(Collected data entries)

· · · ·

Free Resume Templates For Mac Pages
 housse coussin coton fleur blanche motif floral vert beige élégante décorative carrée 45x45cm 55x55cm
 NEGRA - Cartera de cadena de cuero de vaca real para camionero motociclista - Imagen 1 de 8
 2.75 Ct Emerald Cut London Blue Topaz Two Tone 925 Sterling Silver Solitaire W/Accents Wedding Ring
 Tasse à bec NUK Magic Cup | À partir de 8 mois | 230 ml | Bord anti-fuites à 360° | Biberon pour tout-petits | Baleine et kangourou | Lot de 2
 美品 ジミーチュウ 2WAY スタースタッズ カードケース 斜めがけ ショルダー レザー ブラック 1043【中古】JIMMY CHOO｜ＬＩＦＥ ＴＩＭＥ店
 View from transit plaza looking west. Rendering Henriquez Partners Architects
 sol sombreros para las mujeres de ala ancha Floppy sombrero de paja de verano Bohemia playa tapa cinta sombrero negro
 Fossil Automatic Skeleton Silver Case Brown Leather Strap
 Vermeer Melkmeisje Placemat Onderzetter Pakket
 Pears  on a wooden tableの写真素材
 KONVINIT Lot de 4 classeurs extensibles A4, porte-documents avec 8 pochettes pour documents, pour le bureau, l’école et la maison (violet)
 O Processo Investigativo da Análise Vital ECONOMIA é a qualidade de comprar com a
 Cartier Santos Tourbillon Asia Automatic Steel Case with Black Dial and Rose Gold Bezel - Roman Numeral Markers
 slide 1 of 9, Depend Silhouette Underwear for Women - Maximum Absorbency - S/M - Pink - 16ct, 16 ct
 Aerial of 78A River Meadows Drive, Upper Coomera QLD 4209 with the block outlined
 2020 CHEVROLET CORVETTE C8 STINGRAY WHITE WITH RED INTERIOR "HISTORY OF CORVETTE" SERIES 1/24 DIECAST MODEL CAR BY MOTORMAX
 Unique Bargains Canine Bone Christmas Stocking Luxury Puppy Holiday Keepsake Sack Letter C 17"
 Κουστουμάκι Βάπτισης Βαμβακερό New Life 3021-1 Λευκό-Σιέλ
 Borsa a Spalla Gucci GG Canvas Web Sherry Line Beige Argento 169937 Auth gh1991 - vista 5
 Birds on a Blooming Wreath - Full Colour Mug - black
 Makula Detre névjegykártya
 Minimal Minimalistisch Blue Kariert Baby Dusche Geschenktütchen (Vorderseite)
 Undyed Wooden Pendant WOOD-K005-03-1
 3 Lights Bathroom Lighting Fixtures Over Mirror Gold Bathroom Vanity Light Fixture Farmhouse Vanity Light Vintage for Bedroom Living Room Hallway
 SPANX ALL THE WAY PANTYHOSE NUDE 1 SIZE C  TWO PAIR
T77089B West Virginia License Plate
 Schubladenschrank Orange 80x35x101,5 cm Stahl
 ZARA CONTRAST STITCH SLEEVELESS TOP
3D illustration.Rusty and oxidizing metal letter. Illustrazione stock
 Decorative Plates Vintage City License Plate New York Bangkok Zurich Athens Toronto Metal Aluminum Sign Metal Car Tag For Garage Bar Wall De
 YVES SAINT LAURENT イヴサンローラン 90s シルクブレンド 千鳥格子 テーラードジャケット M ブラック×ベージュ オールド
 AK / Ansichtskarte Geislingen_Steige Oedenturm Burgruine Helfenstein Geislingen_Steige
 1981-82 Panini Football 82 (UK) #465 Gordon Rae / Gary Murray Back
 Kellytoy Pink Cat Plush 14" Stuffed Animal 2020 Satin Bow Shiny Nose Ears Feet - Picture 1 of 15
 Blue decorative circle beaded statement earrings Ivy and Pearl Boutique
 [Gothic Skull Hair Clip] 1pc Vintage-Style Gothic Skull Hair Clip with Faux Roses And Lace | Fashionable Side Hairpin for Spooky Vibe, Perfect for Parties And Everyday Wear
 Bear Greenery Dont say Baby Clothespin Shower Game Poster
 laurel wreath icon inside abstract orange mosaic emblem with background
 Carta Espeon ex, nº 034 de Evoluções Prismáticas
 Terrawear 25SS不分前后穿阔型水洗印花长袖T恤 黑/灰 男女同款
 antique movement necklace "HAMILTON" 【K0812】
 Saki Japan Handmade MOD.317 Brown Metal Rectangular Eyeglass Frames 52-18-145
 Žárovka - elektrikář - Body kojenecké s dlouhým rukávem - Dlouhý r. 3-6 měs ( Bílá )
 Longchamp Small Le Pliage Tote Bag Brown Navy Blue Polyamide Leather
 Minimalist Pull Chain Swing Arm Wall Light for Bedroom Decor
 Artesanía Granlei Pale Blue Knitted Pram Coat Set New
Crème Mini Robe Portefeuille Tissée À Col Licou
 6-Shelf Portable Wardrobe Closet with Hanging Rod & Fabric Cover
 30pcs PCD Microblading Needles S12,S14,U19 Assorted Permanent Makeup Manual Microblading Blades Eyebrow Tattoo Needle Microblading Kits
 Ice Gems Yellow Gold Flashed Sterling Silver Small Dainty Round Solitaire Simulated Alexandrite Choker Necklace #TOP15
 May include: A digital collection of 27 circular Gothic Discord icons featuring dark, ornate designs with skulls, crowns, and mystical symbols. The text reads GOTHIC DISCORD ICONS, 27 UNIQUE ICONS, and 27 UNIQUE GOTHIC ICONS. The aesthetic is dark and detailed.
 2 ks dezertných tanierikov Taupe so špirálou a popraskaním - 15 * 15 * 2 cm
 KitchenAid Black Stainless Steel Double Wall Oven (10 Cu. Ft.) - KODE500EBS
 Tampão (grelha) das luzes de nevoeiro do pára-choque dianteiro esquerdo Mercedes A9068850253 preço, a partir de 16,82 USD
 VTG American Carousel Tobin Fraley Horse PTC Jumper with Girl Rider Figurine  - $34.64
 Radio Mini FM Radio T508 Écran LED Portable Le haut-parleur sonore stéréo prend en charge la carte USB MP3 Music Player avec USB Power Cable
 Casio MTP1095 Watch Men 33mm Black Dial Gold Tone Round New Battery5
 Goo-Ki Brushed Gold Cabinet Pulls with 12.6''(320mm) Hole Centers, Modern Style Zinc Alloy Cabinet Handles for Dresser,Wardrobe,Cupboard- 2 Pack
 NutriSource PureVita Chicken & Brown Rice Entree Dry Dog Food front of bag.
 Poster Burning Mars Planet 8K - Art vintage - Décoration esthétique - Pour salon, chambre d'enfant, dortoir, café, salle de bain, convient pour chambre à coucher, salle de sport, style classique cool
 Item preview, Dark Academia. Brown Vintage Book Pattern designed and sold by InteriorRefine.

· · · ·

What you need to do » Which of the lines in the data contain the string "Tone"? Return each one.

Completed exercise »
 2.75 Ct Emerald Cut London Blue Topaz Two Tone 925 Sterling Silver Solitaire W/Accents Wedding Ring
 Casio MTP1095 Watch Men 33mm Black Dial Gold Tone Round New Battery5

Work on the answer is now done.